Before we do forecast modeling, we need to check what seasonality that our data is.

After convert our data hourly, we can check whether there is any transactions in every hour.

From the generated table, we can see that there are no transaction at 9 PM to 5 AM. Thus, we can takeout the zero transaction hours to create a better model.

3.1 Single Time Series

First step, let’s try with single time series and check whether all seasonalities can be explained / comprehended in this time series.

3.2 Decomposing

We find:

  • Since graphic in trend column haven’t been created smoothly, find out that there is seasonality that haven’t been caught in retail_ts. That means our data are most likely having multiple seasonality.

3.3 Multiple Time Series

Since we conclude that our time series is multiple time series, let’s move to multiple time series to see its seasonality.

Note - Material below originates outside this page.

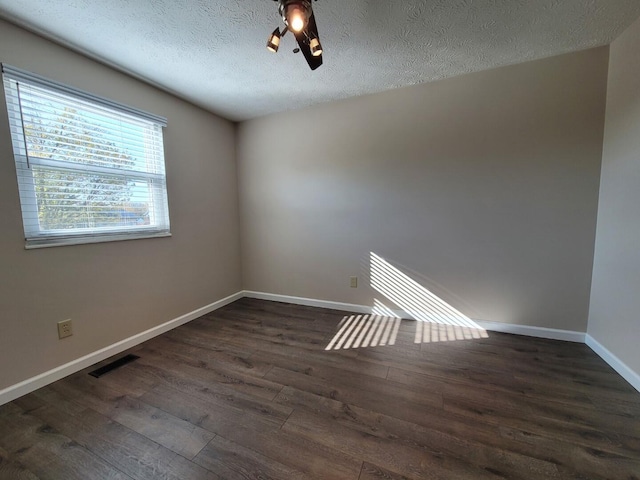 unfurnished room with baseboards, visible vents, dark wood-style flooring, ceiling fan, and a textured ceiling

As we can see, the trend is created smoothly indicating that our data set has multiple seasonality.

4 Modeling

4.1 Data pre-processing & Simple Modeling

For K-Mean Clustering, we are going to build RFM (Recency, Frequency, Monetary) model first. So, what is RFM?

  • Recency is about when was the last order of a customer. It means the number of days since a customer made the last purchase. If it’s a case for a website or an app, this could be interpreted as the last visit day or the last login time.

  • Frequency is about the number of purchase in a given period. It could be 3 months, 6 months or 1 year. So we can understand this value as for how often or how many a customer used the product of a company. The bigger the value is, the more engaged the customers are. Could we say them as our VIP? Not necessary. Cause we also have to think about how much they actually paid for each purchase, which means monetary value.

  • Monetary is the total amount of money a customer spent in that given period. Therefore big spenders will be differentiated with other customers such as MVP or VIP.

The RFM values can be grouped in several ways:
1.Percentiles e.g. quantiles
2.Pareto 80/20 cut
3.Custom - based on business knowledge

On this project, we are going to group by percentiles

Process of calculating percentiles:
1. Sort customers based on that metric
2. Break customers into a pre-defined number of groups of equal size
3. Assign a label to each group

As for first step, let’s add column to see total amount of purchasing that have been done.

After create Total_Purchase, let’s check first order and last

## [1] "2011-12-09 12:50:00 UTC"
## [1] "2010-12-01 08:26:00 UTC"

Since we want to calculate day periods, let’s set one day after the last one (December 9, 2011) as snapshot_date

## [1] "2011-12-10 12:50:00 UTC"

Now, we have got snapshot_date, we can now create our RFM table

After created RFM dataframe, we need to label atau put in Range for Recency, Frequency, Monetary. Note that:

  • We will rate Recency customer who have been active more recently better than the less recent customer,because each company wants its customers to be recent

  • We will rate Frequency and Monetary Value higher label because we want Customer to spend more money and visit more often(that is different order than recency)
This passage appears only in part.